Basın özgürlüğü ile kişilik değerlerinin karşı karşıya geldiği durumlarda; hukuk düzeninin çatışan iki değeri aynı zamanda koruma altına alması düşünülemez. Bu iki değerden birinin diğerine üstün tutulması gerektiği, bunun sonucunda da, daha az üstün olan yararın daha çok üstün tutulması gereken yarar karşısında o olayda ve o an için korumasız kalmasının uygunluğu kabul edilecektir. Bunun için temel ölçüt kamu yararıdır. Gerek yazılı ve gerekse görsel basın bu işlevini yerine getirirken, özellikle yayının gerçek olmasını, kamu yararı bulunmasını, toplumsal ilginin varlığını, konunun güncelliğini gözetmeli, haberi
verirken özle biçim arasındaki dengeyi de korumalıdır. Yine basın, objektif sınırlar içinde kalmak suretiyle yayın yapmalıdır. O anda ve görünürde var olup da sonradan gerçek olmadığı anlaşılan olayların yayınından da basın sorumlu tutulmamalıdır.
Davaya konu olayda;
Dava dışı Bugün gazetesinin 24.05.2009 tarihli nüshasında yayınlanan nizalı köşe yazısının, dosya arasında çözümü olan TV dizisinin senaryosuna dair CD içeriği ile aynı olduğu ve iktibas edilen repliklerin:
"-Beyler! Aylardır üzerinde uğraştığımız, bize eski konum ve gücümüzü sağlayacak, ülkeyi hem içeriden hem de dışarıdan kuşatma altına alacak olan eylem planımız tuttu.Bu ülkede herkes bilir ki Cumhurbaşkanı hakkında hukuki karar almak ve onu yargılamak o kadar kolay ve basit değildir. Tabii ki bunun anayasaya aykırı olduğunu biz de biliyoruz. Ama bu kararın alınması ve konuşulması çok önemli. Bu işin arkasından yapacağımız çok önemli hamleler var.

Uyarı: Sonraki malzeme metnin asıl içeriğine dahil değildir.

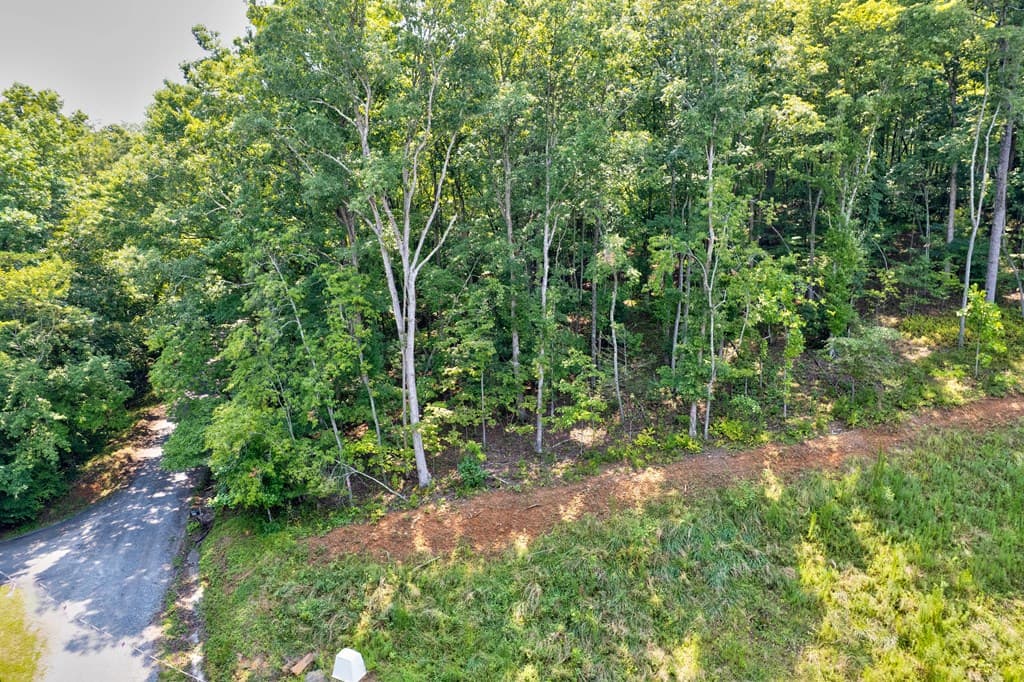 0 Shady Lane, Mineral Bluff GA 30559 - Photo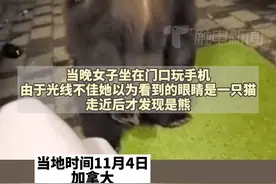 “就像被一条巨大的狗舌头舔”，当地时间11月4日晚，加拿大一名女子在家门口玩手机被熊舔了两口。因担心熊被杀死，女子没有致电相关部门。视频封面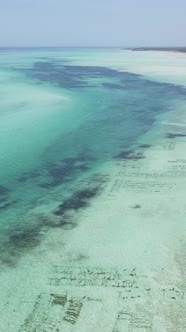 Tanzania  Vertical Video of the Ocean Near the Coast of Zanzibar Slow Motion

-Beyler beyler! Sürekli bunları dile getiriyorsunuz. Evet bazı yerlerde hala güçlü olduğunuzu anlıyorum, ama devlette süren uyum devam ederse hem sizler için hem de bizler için alarm sinyallerini çaldırır bu. Sadece hukuki kararlar değil uyumu bozacak fitne ateşlerini yakmalıyız...Siz bu konuda endişe etmeyin. Bizim hukukçular açık kapalı mesajlar gönderiyor. Görün bakın birbiri ardına daha ne kararlar gelecek. Bunlar bir iki derken küçük atışlarla tansiyon ölçülecek, ardından yıpratma hareketleri gelecek, böylece altı boş da olsa daha farklı konularda kararlar alındırılacak. Kapatma dahil her şey masada.

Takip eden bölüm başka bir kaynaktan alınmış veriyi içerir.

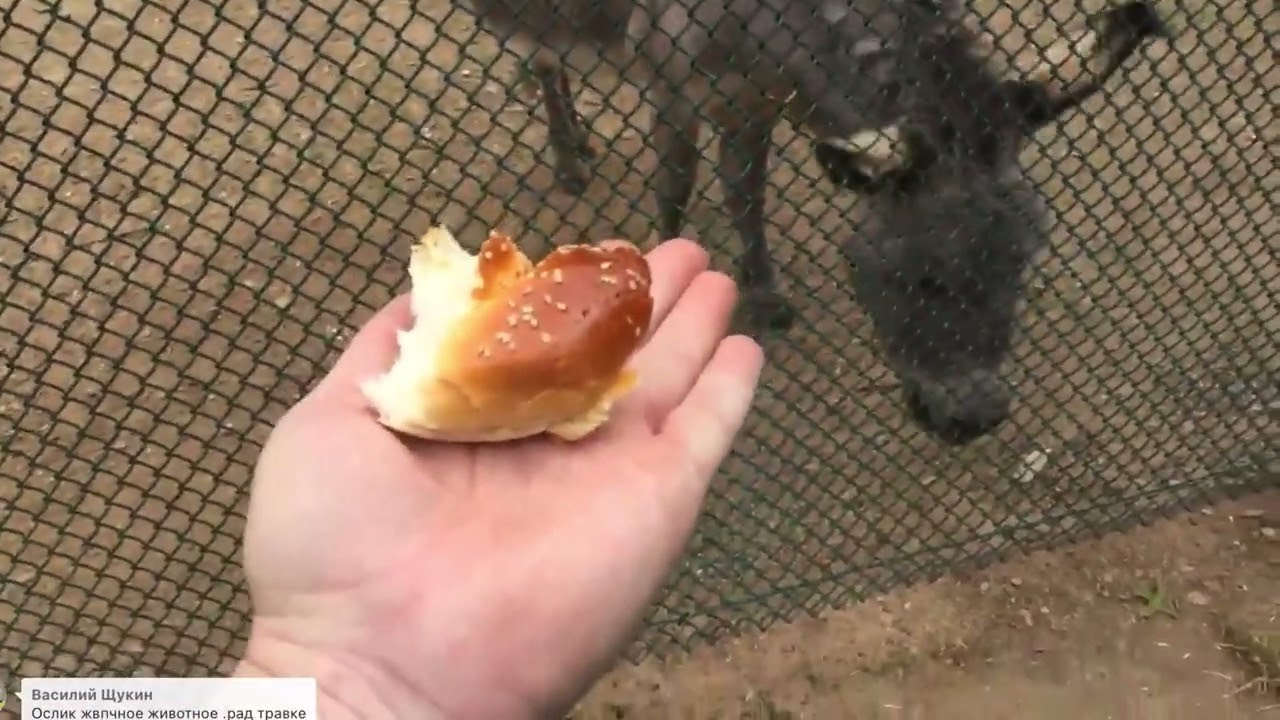 Cupcake donkey Sacramento ослик Кекс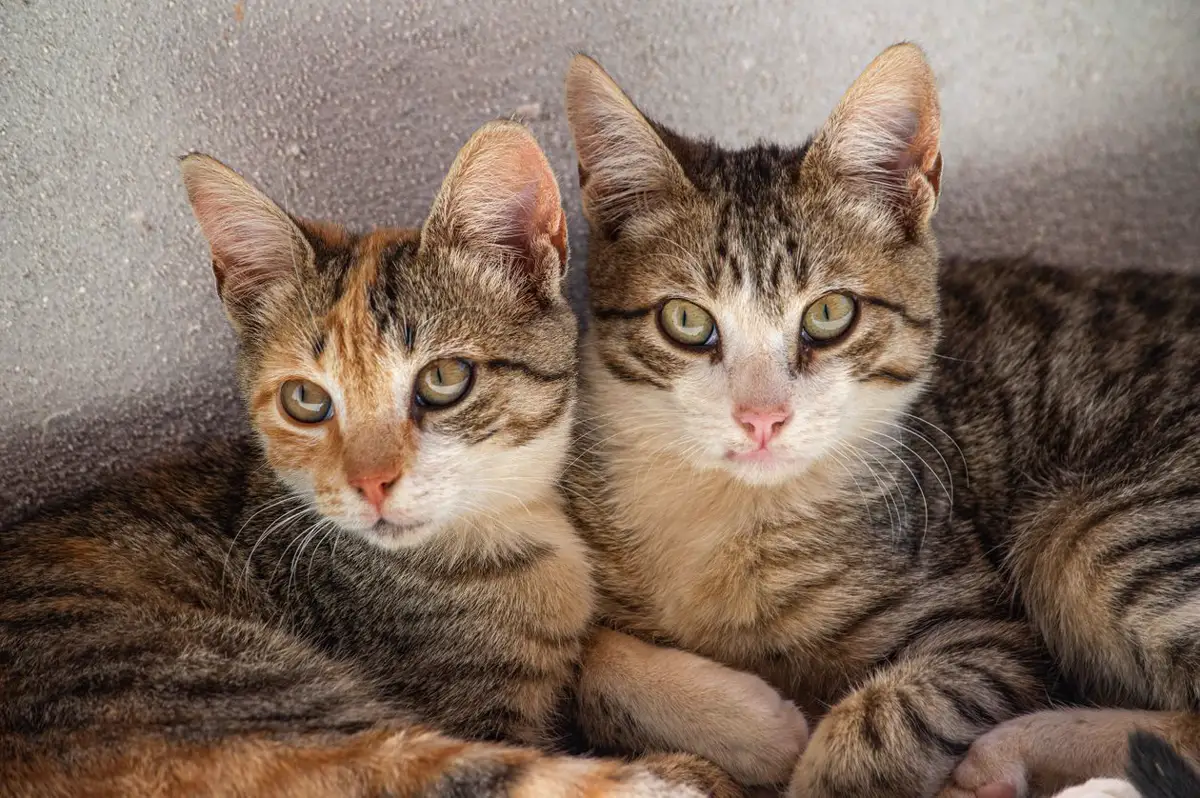 A young tortoiseshell tabby cat sitting next to a brown tabby cat for comparison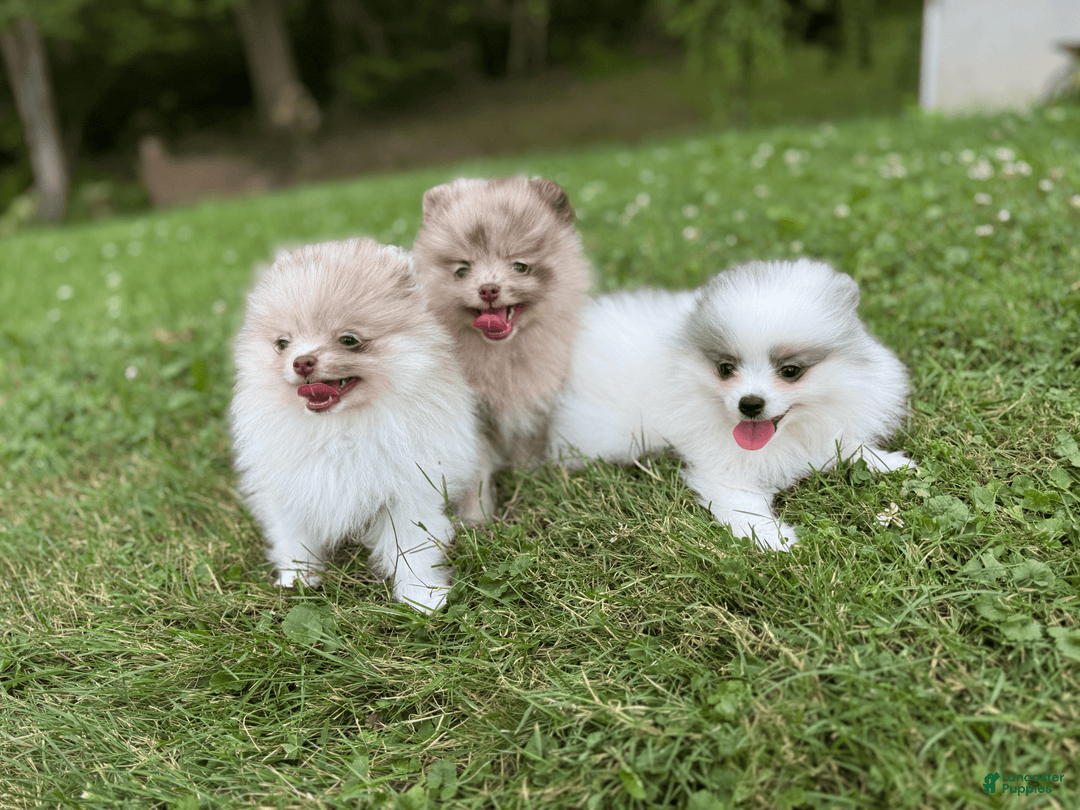 Pomeranian dogs for sale: Sebastian - Image 3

-Evet haklısın. Şimdi iktidarın ve vatan evlatlarının aleyhine gözünü kırpmadan karar vereceklerin listesini yapıp onların atamalarını sağlamalıyız."şeklinde olduğu görülmüştür.

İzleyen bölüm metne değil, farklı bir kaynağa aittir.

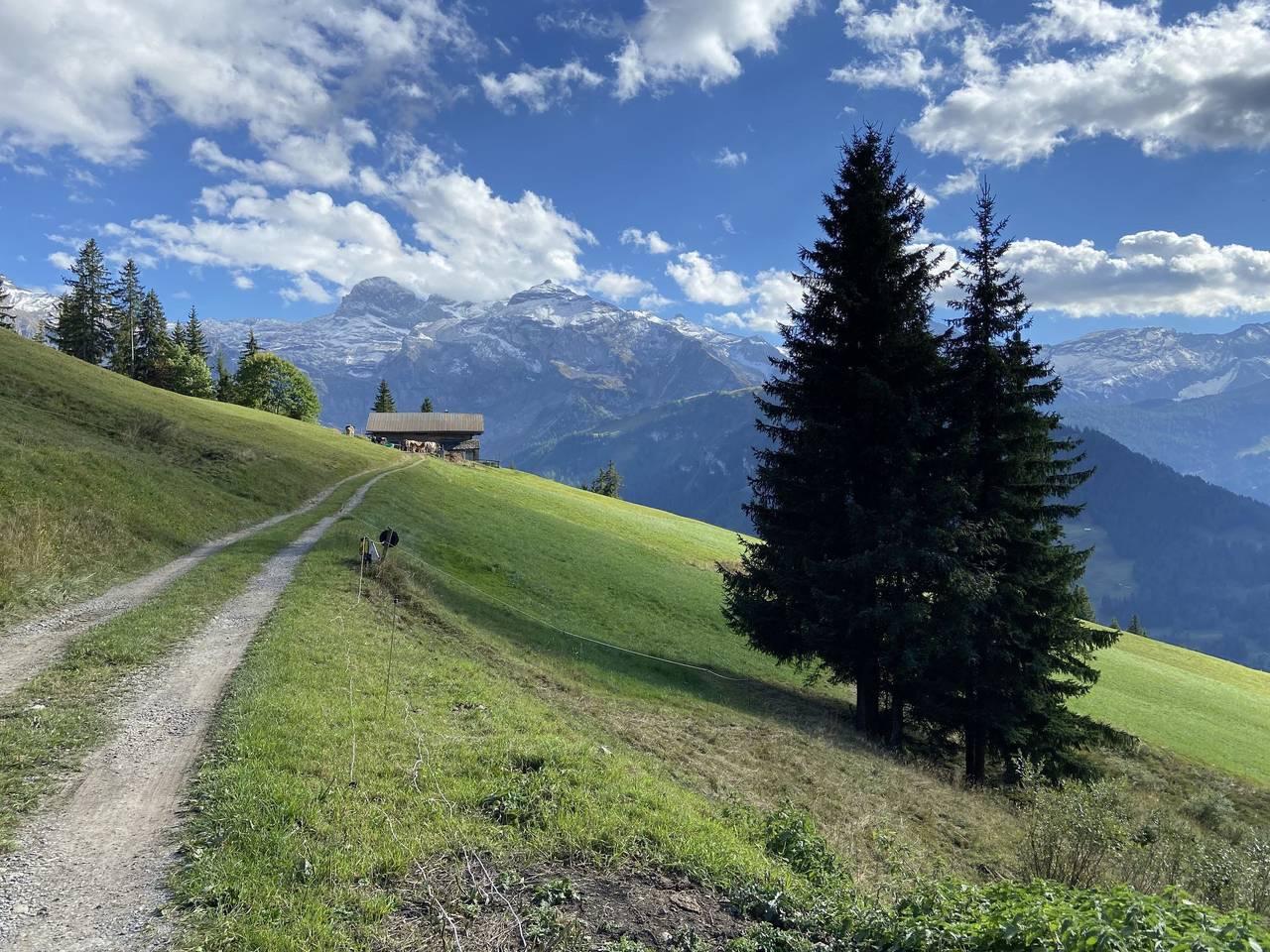 Vakantieappartement in Lenk, Zwitserland voor 3 personen foto 8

Dosya arasında mevcut bilgilere göre davacının adı ne seneryo repliklerinde nede dava konusu edilen yazı metninde zikredilmiştir. Kaldı ki davacı dava konusu edilen yazının yazarı davalı ... hakkında suç duyurusunda bulunmuş, Cumhuriyet Savcılığı matufiyet unsurunun bulunmadığı ve yazı içeriğinin davacıyı küçük düşürücü mahiyette olmadığı gerekçesi ile takipsizlik kararı vermiştir.
Açıklanan bütün bu olgular çerçevesinde, ancak genel bir durum değerlendirmesi veya hayal ürünü bir teori olduğu anlaşılan yazının, mahkemece; davacıya atfen yazıldığının, O"nun kişilik haklarına saldırı niteliğinde olduğunun kabulü doğru olmamış, kararın davalılar yararına bozulması gerekmiştır.
SONUÇ: Temyiz olunan kararın, yukarıda gösterilen nedenlerle davalılar yararına BOZULMASINA; bozma nedenine göre tarafların diğer temyiz itirazlarının incelenmesine yer olmadığına, ve temyiz eden davalılardan peşin alınan harcın istek halinde geri verilmesine 08/02/2012 gününde oybirliğiyle karar verildi.